━━━━━ Records provided ━━━━━
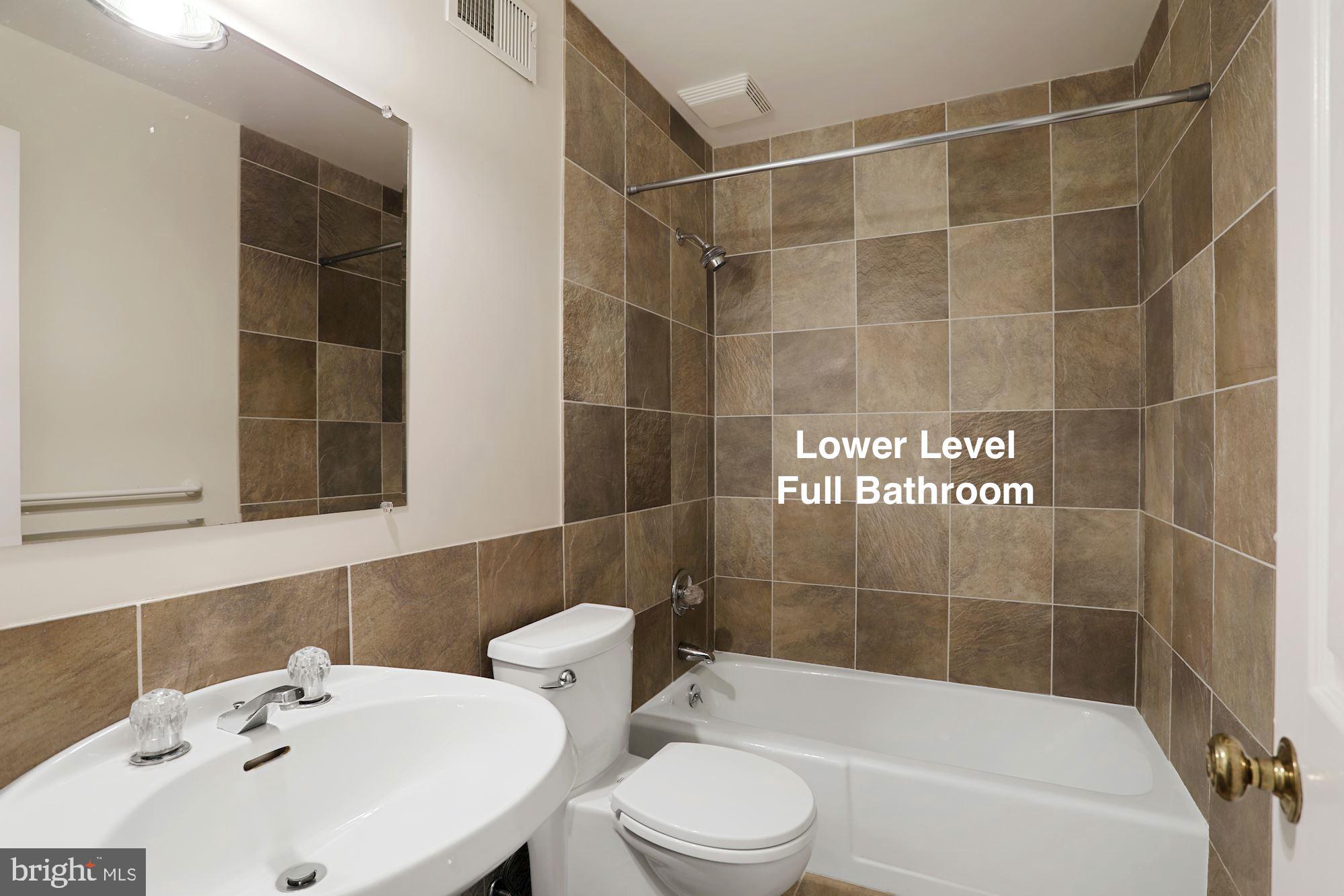 SPRINGWOOD OF MCLEAN - Residential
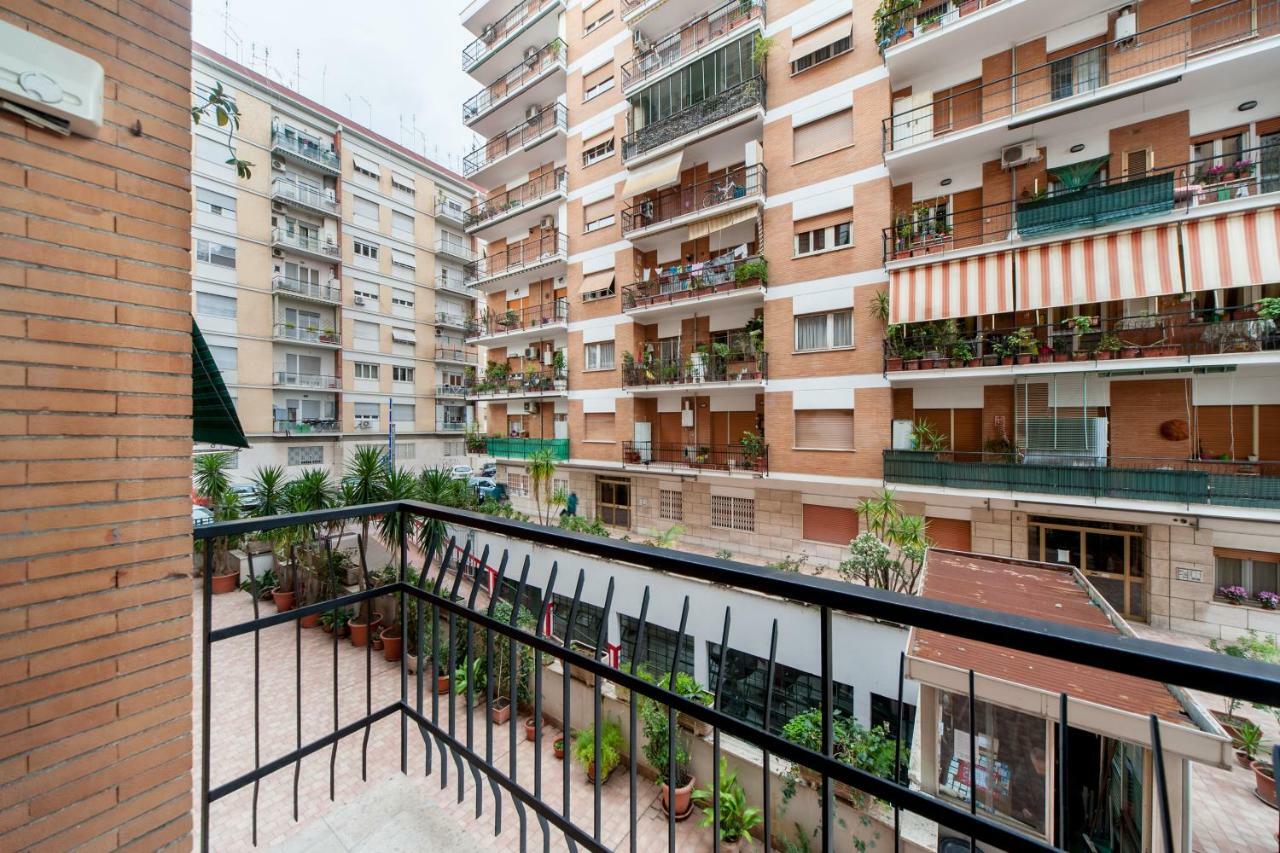 Appartamento Privato A Marconi Рим Екстериор снимка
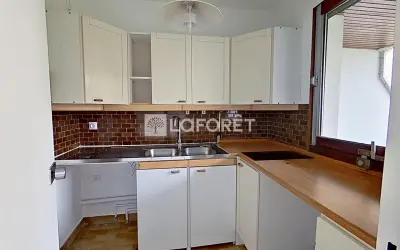 Appartement 875 €/mois LE CHESNAY ROCQUENCOURT (78150) photo 4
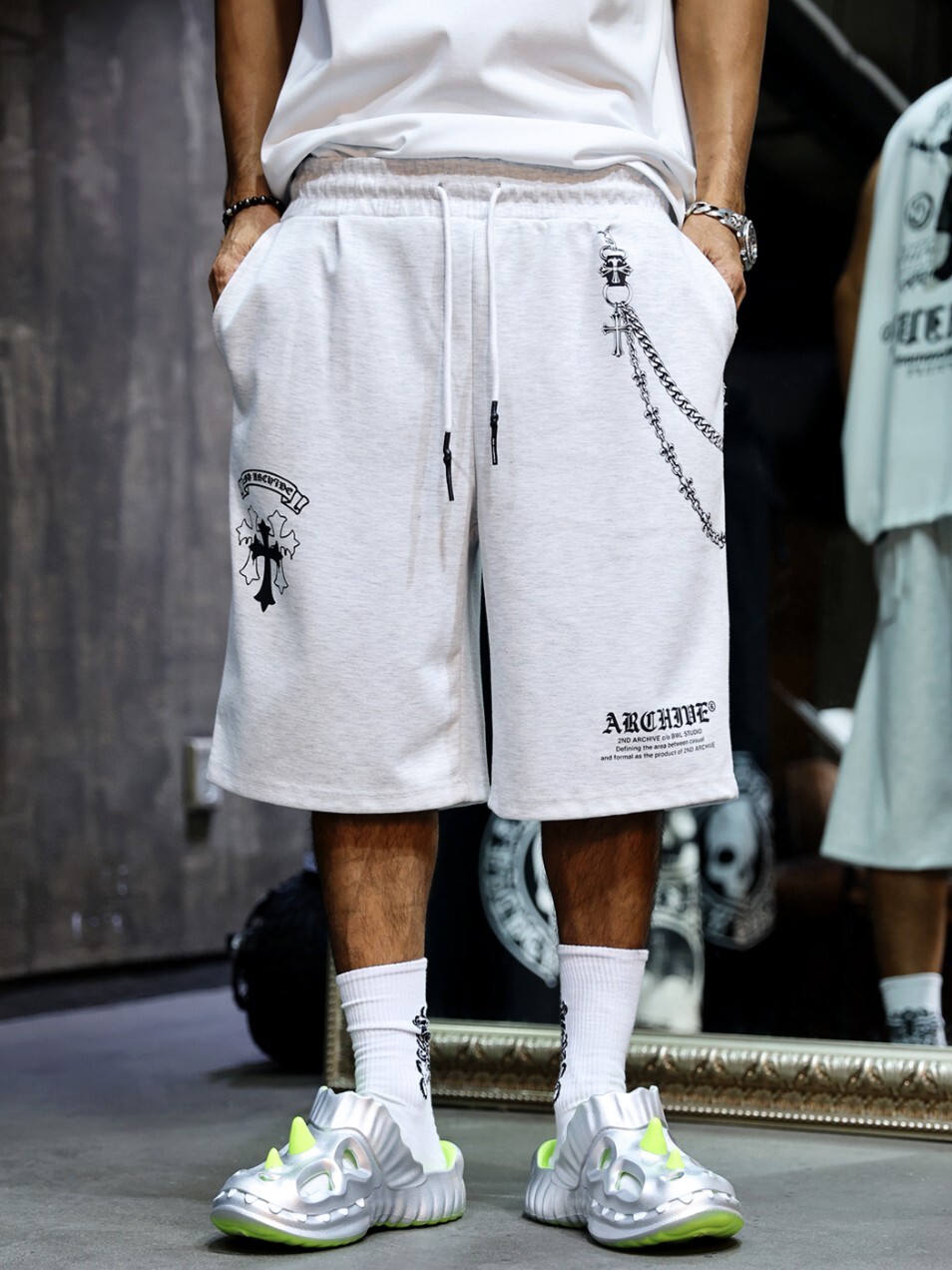 Cross chain wide shorts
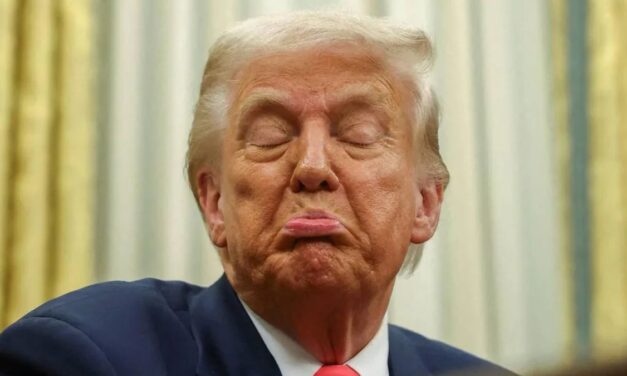 Burlas y provocación de Irán contra Donald Trump tras el anuncio de cese de ataques: «El tonto se quedó sin fuerzas»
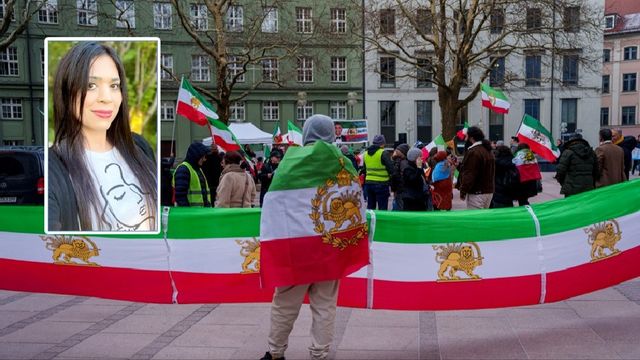 En demonstrant bär Irans förrevolutionära flagga, med Pahlavidynastins lejon. Photo credit: 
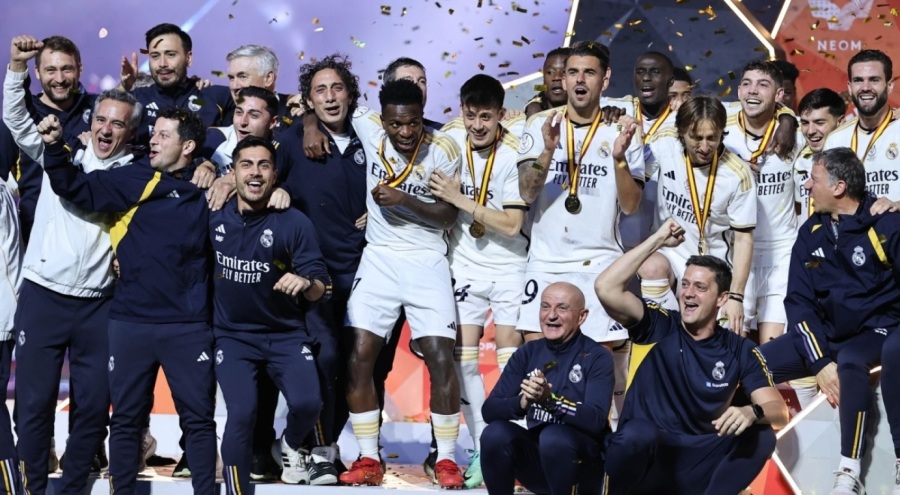 Arda Güler Real Madrid'de ilk kupasını kaldırdı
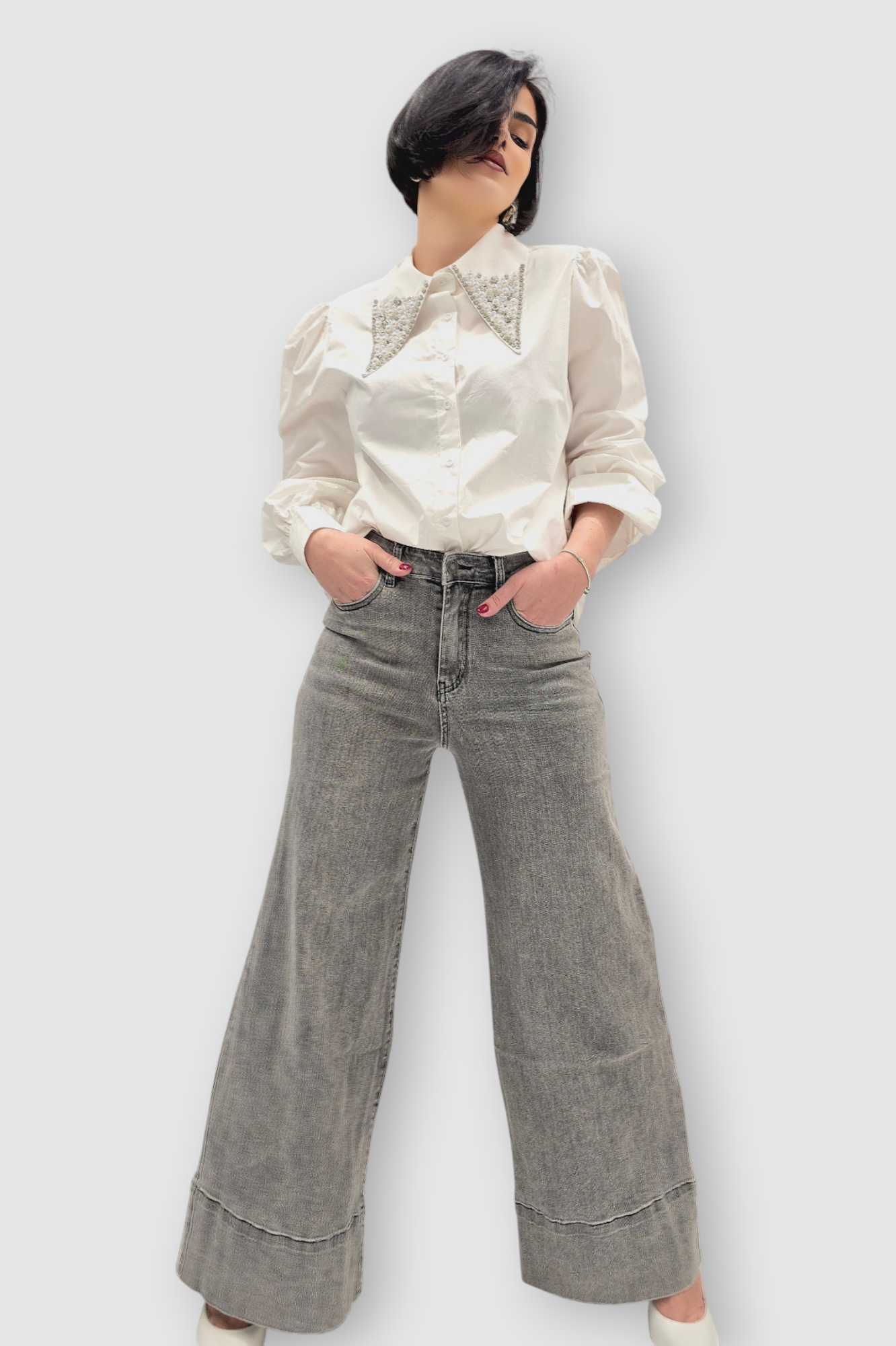 Ženska bijela košulja Belen dugih rukava ukrašena biserima i kristalima na kragni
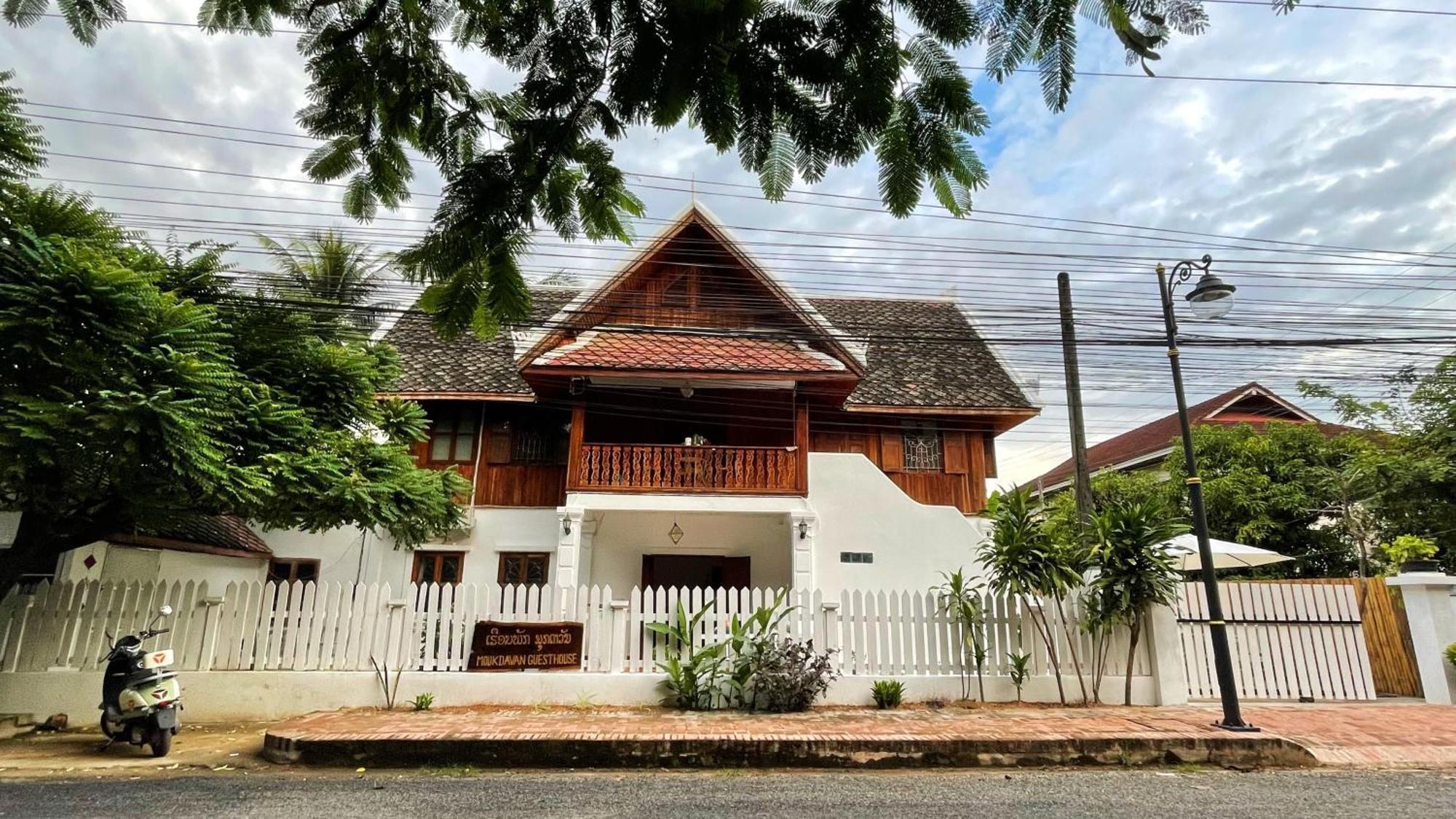 Moukdavan Guesthouse Luang Prabang Exterior photo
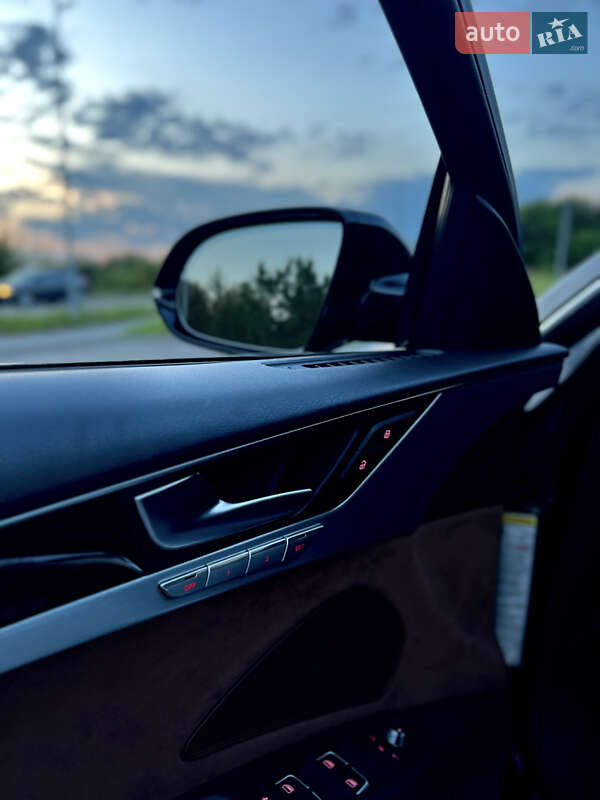 Седан Audi A8 2013 в Ровном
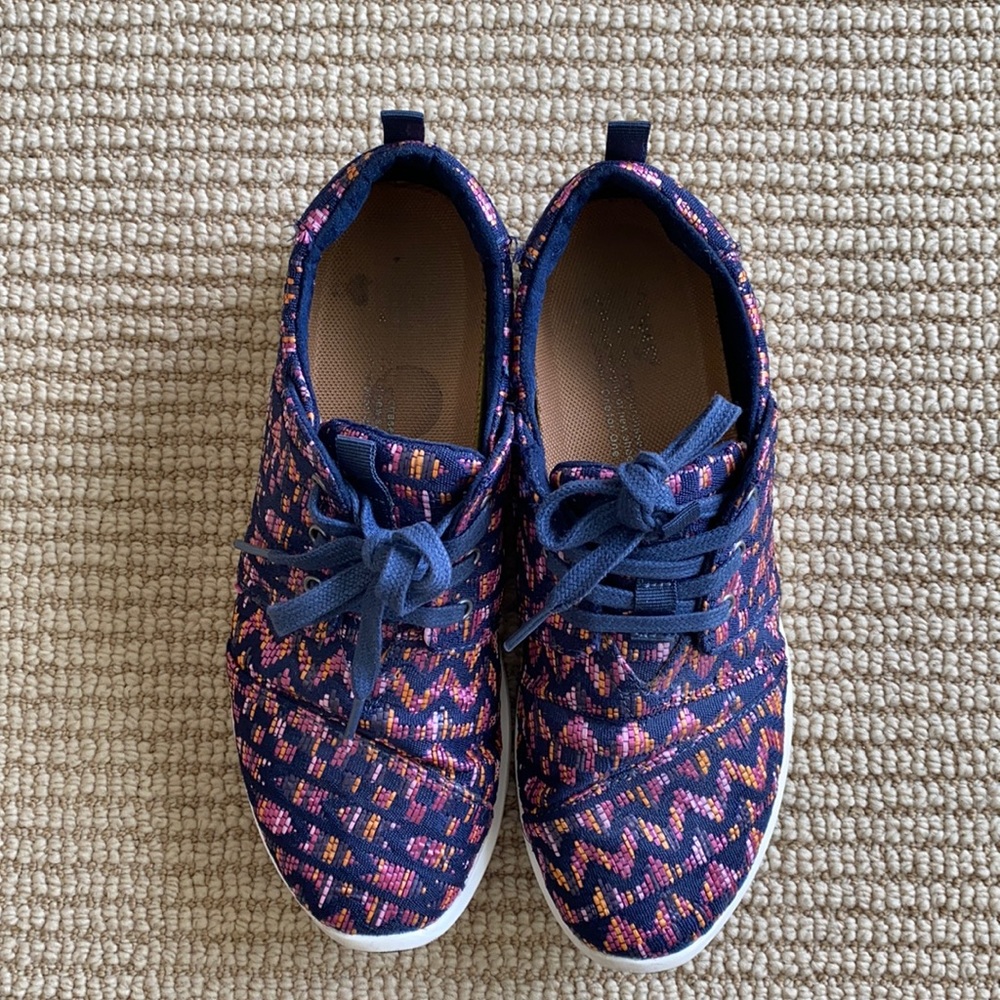 TOMS comfort sneakers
━━━━━
[Exercise details] Give back exactly the lines from the line with "Cross chain wide shorts" through the end of the material above, inclusive, with no pictures.

[Output for this task]
 Cross chain wide shorts
 Burlas y provocación de Irán contra Donald Trump tras el anuncio de cese de ataques: «El tonto se quedó sin fuerzas»
 En demonstrant bär Irans förrevolutionära flagga, med Pahlavidynastins lejon. Photo credit: 
 Arda Güler Real Madrid'de ilk kupasını kaldırdı
 Ženska bijela košulja Belen dugih rukava ukrašena biserima i kristalima na kragni
 Moukdavan Guesthouse Luang Prabang Exterior photo
 Седан Audi A8 2013 в Ровном
 TOMS comfort sneakers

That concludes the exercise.